Segment Open
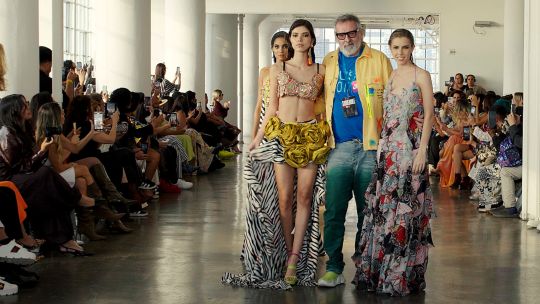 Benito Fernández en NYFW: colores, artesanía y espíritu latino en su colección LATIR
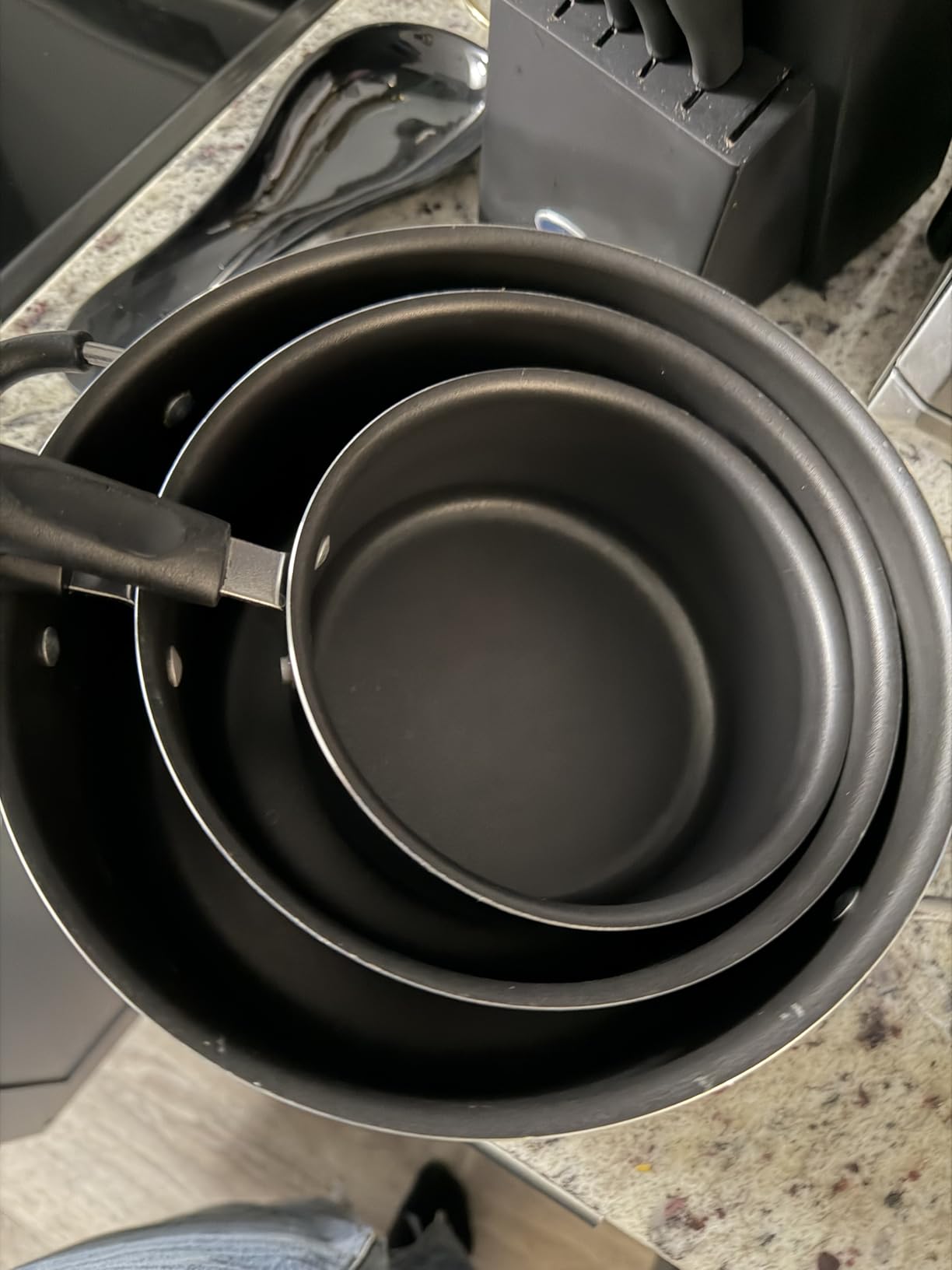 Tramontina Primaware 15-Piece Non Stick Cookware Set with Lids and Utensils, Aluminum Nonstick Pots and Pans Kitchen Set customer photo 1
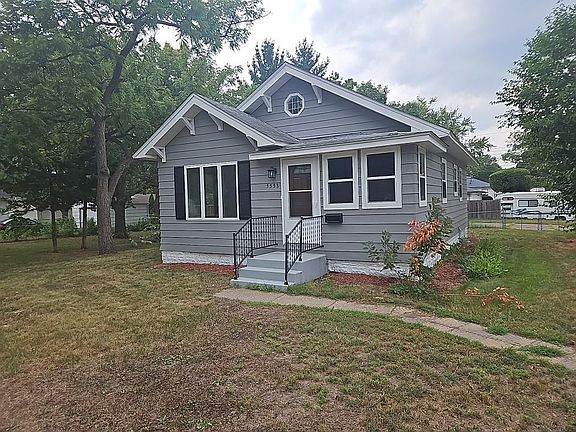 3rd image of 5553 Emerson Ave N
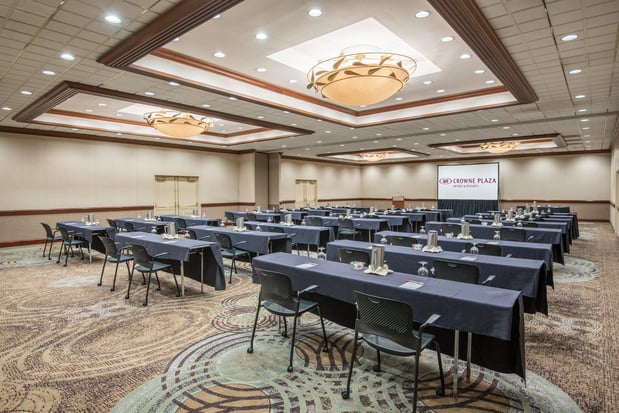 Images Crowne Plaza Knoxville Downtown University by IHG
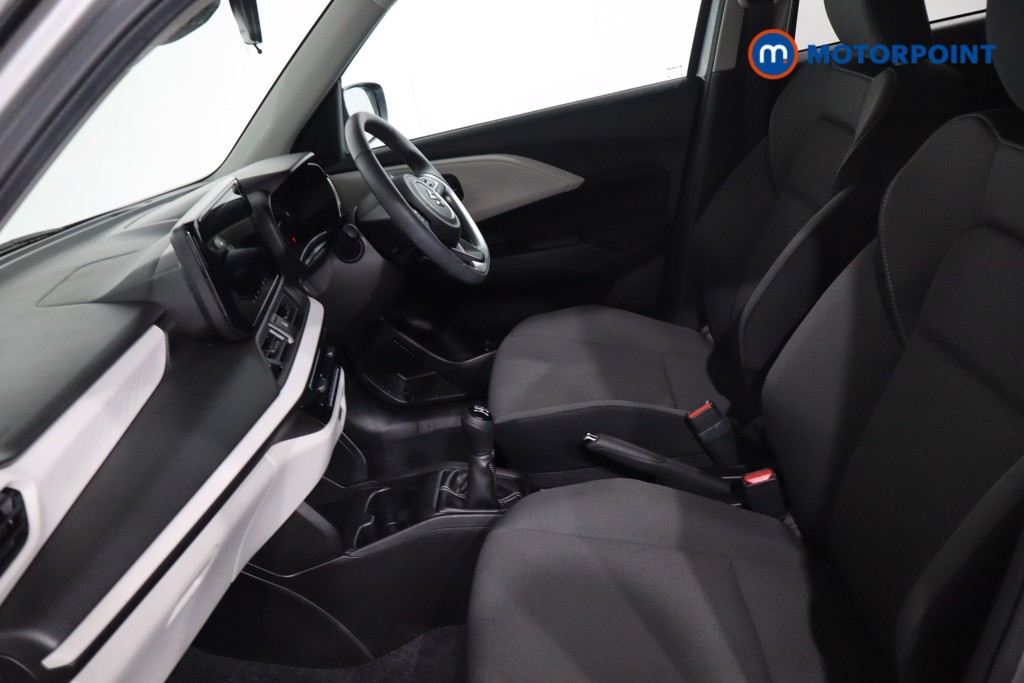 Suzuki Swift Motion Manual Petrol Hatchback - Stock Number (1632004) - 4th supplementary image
Segment Closed
TASK STATEMENT =>
Would it be possible to reproduce the material word for word, images omitted?

ANSWER SECTION =>
 Benito Fernández en NYFW: colores, artesanía y espíritu latino en su colección LATIR
 Tramontina Primaware 15-Piece Non Stick Cookware Set with Lids and Utensils, Aluminum Nonstick Pots and Pans Kitchen Set customer photo 1
 3rd image of 5553 Emerson Ave N
 Images Crowne Plaza Knoxville Downtown University by IHG
 Suzuki Swift Motion Manual Petrol Hatchback - Stock Number (1632004) - 4th supplementary image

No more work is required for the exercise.